Key Experimental Results¶

End-to-End Performance¶

Method	R@75cm ↑	Rot. Score ↑	BT ↑	SLS ↑
Baseline (Catmull-Rom + Qwen2-VL SFT)	57.1	96.8	71.4	71.7
HouseTour	60.2	97.1	79.5	76.0

HouseTour outperforms the baseline on all metrics, with particularly notable gains in text generation (BT +8.1).

Ablation Study on Trajectory Generation¶

Method	R@50cm ↑	R@1m ↑	Euclidean ↓	DTW ↓	Geodesic ↓
Linear Interp.	41.2%	59.8%	145.8	192.1	0.20
Catmull-Rom	45.9%	64.7%	106.2	146.3	0.10
Residual Diffuser	46.2%	69.4%	73.9	128.8	0.09

Key Findings: - The Residual Diffuser substantially outperforms interpolation baselines at R@1m (69.4% vs. 64.7%), indicating fewer large errors. - Euclidean distance is reduced by over 30%, demonstrating that residual learning significantly outperforms direct trajectory learning. - The advantage of the Residual Diffuser is more pronounced in high-uncertainty regions (i.e., locations far from known poses).

Highlights & Insights¶

Residual Diffusion Modeling: Reformulating trajectory generation from learning absolute positions to learning residuals relative to a spline elegantly addresses the challenge of varying layouts across scenes.
Novel Joint Evaluation Metric SLS: The paper introduces a Spatial-Language Score (harmonic mean of translation recall, rotation score, and Bradley-Terry score) as the first joint spatial-language evaluation metric.
Tri-modal VLM: Language, vision, and 3D localization are integrated into a single VLM, enabling spatially grounded text generation.
Strong Practical Value: The end-to-end system is directly applicable to the real estate and tourism industries.

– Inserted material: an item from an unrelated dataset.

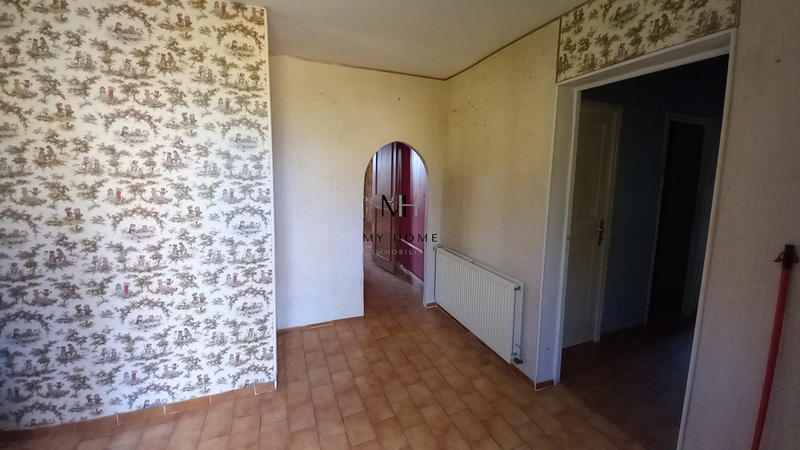 Maison - 185 m² - 7 pièces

Limitations & Future Work¶

Performance depends on the quality and coverage of smartphone-captured images.
3DGS rendering quality is limited under sparse-view conditions (explicitly noted by the authors as out of scope).
The dataset covers only real estate scenes and has not been extended to other tour scenarios (e.g., museums, tourist attractions).
Text generation still relies on LoRA fine-tuning; generalization to new domains requires further investigation.

Long Video Understanding: Methods such as TimeChat handle long sequences but lack domain knowledge of architectural environments.
Trajectory Planning: The Diffuser family is applied to robot decision-making in fixed environments, not in varying layouts.
3D Vision-Language: ScanRefer and DenseCap describe object relations but overlook spatial layout and architectural features.

Rating¶

Novelty: ★★★★☆ — The combination of residual diffusion trajectory planning and a tri-modal VLM is novel.
Practical Value: ★★★★★ — Directly targets a trillion-dollar real estate market.
Experimental Thoroughness: ★★★★☆ — Introduces a new dataset and evaluation metrics with thorough ablations.
Writing Quality: ★★★★☆ — Well-structured with a clearly defined problem formulation.